DIRECTIONS FOR THIS TASK
What you return should be only the lines starting at the one that contains "1851 Gus Moran - Photo 3 of 12" and running to the end of the listing, exactly as written, minus any pictures.

◆ ◆ ◆ ◆ ◆ ◆ ◆

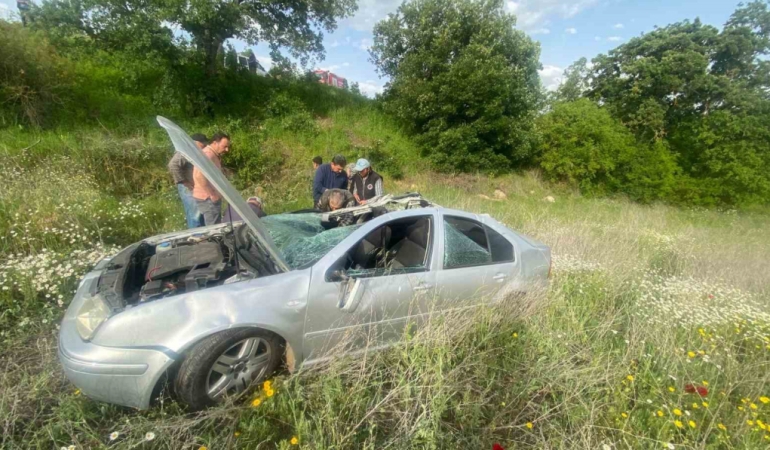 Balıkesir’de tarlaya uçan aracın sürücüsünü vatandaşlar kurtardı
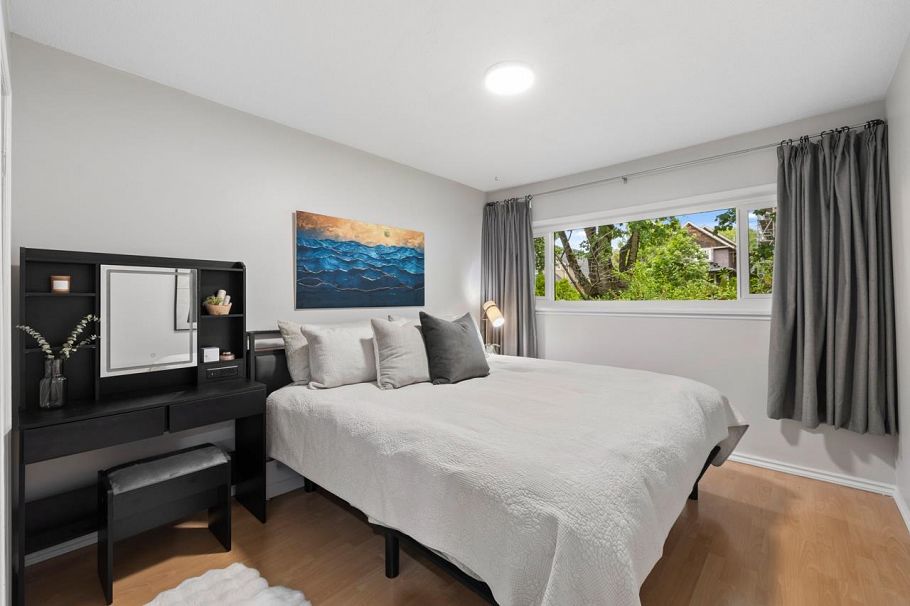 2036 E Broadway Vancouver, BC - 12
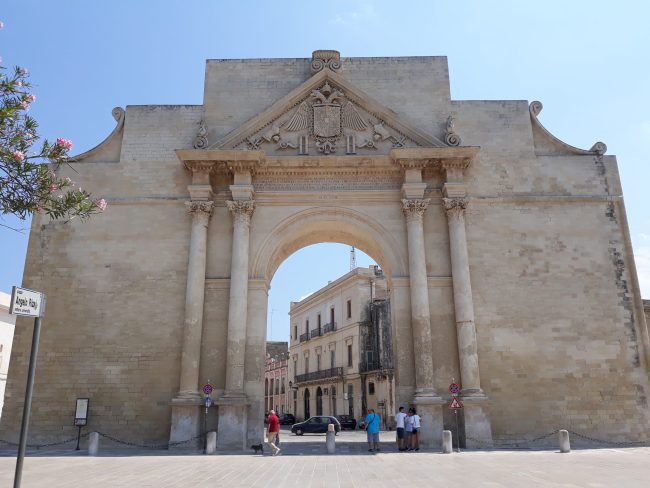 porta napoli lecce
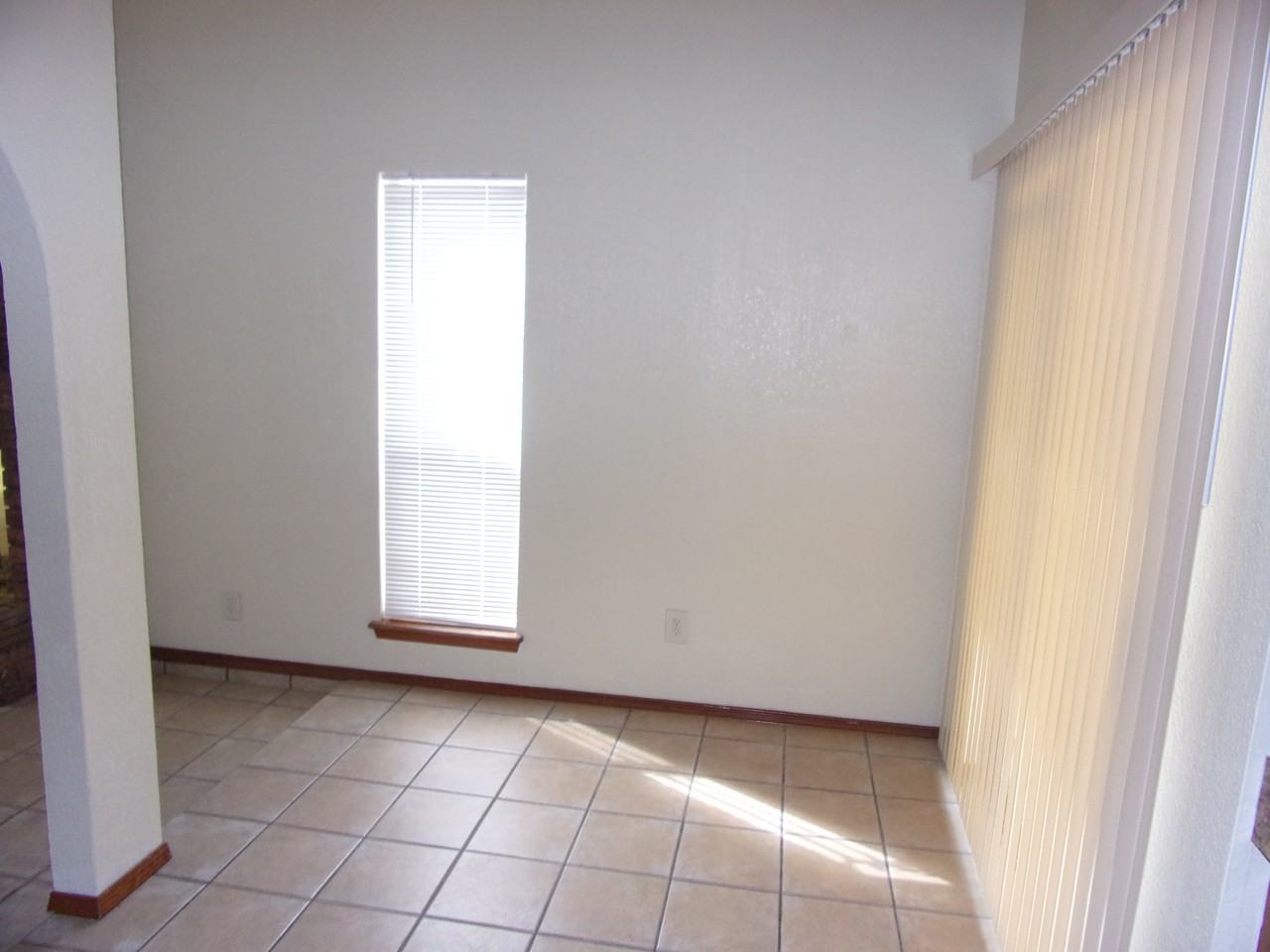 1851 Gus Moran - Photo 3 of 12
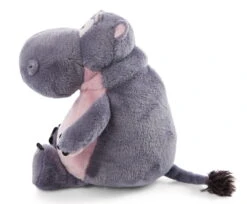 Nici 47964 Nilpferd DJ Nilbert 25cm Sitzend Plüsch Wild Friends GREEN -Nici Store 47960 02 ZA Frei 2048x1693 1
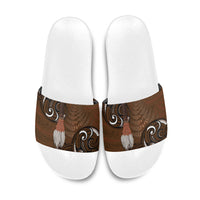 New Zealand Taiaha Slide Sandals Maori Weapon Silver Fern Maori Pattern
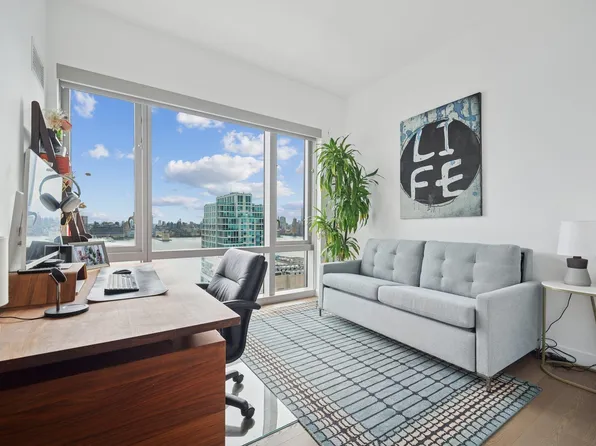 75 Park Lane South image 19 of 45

◆ ◆ ◆ ◆ ◆ ◆ ◆

RESPONSE FOR THIS EXERCISE
 1851 Gus Moran - Photo 3 of 12
 Nici 47964 Nilpferd DJ Nilbert 25cm Sitzend Plüsch Wild Friends GREEN -Nici Store 47960 02 ZA Frei 2048x1693 1
 New Zealand Taiaha Slide Sandals Maori Weapon Silver Fern Maori Pattern
 75 Park Lane South image 19 of 45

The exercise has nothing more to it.